By default the TLS_RSA_WITH_NULL_MD5 and TLS_RSA_WITH_NULL_SHA ciphersuites are disabled. These ciphersuites use NULL encryption and therefore offer no protection against evesdropping. Server authentication (and client, if a client certificate is used) is performed and data integrity is still checked (nb. TLS_NULL_WITH_NULL_NULL is never supported). In order to these ciphersuites the user must use the the option KSoEnableNullCiphers, with the option level KSolInetSSL and a non-zero argument. Using an argument of zero will disable them.

Parameters

TUint aOptionName

An integer constant which identifies an option.

TUint aOptionLevel

An integer constant which identifies the level of an option: i.e. an option level group of related options.

TInt aOption

An option value as an integer .

Return value

TInt

KErrNone if successful; otherwise, a system-wide error code.

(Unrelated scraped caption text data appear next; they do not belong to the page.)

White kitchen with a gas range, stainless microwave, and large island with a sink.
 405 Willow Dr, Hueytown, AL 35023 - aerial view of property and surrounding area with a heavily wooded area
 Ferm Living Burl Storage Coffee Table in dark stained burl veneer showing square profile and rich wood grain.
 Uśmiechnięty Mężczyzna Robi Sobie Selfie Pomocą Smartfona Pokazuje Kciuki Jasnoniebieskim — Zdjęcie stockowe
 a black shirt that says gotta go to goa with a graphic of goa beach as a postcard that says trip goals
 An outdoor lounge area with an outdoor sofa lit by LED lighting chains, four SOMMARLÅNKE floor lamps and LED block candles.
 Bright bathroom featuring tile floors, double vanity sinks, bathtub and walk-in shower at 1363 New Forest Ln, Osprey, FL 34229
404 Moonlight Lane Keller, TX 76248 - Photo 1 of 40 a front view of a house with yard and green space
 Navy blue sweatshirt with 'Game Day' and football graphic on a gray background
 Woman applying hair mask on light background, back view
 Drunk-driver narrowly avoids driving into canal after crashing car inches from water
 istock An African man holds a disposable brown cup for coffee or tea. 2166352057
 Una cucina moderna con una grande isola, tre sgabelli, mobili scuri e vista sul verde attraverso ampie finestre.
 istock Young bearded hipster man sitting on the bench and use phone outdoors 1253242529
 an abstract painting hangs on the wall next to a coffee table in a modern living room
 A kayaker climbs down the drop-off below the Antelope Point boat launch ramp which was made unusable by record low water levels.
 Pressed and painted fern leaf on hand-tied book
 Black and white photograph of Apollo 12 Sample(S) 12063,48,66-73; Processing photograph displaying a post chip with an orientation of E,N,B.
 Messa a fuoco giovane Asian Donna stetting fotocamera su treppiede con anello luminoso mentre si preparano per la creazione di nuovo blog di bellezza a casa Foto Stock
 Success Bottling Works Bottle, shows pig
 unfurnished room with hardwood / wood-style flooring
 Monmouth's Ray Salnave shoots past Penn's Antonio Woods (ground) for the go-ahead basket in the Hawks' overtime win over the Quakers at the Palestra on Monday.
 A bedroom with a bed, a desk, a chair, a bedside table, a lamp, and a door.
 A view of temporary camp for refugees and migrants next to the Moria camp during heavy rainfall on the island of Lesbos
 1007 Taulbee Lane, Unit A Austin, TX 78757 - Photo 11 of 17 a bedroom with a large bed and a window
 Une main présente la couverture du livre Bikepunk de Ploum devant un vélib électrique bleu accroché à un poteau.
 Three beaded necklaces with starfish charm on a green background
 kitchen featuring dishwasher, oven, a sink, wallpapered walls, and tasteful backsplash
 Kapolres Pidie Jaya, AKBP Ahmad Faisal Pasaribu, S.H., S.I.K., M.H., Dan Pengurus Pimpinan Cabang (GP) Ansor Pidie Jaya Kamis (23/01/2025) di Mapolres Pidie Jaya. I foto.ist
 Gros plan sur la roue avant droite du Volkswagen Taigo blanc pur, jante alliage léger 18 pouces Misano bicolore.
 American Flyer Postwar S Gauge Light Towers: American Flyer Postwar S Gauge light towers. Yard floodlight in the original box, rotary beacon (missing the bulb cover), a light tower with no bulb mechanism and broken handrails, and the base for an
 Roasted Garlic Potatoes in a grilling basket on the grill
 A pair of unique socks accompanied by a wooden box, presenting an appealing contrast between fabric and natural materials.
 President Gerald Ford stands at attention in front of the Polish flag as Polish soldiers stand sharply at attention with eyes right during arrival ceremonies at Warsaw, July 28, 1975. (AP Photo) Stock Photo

SetServerCert(const CX509Certificate &)

IMPORT_C TInt SetServerCert(const CX509Certificate &aCert);

Description

Sets the server X.509 certificate.

Parameters

const CX509Certificate &aCert

The certificate to use.

Return value

TInt

KErrNone if successful; otherwise, a system-wide error code.


StartClientHandshake(TRequestStatus &)

IMPORT_C void StartClientHandshake(TRequestStatus &aStatus);

Description

Starts the client handshake.

Parameters

TRequestStatus &aStatus

On completion, KErrNone if successful; otherwise, a system-wide error code.


StartServerHandshake(TRequestStatus &)

IMPORT_C void StartServerHandshake(TRequestStatus &aStatus);

Description

Starts the server handshake.

Parameters

TRequestStatus &aStatus

On completion, KErrNone if successful; otherwise, a system-wide error code.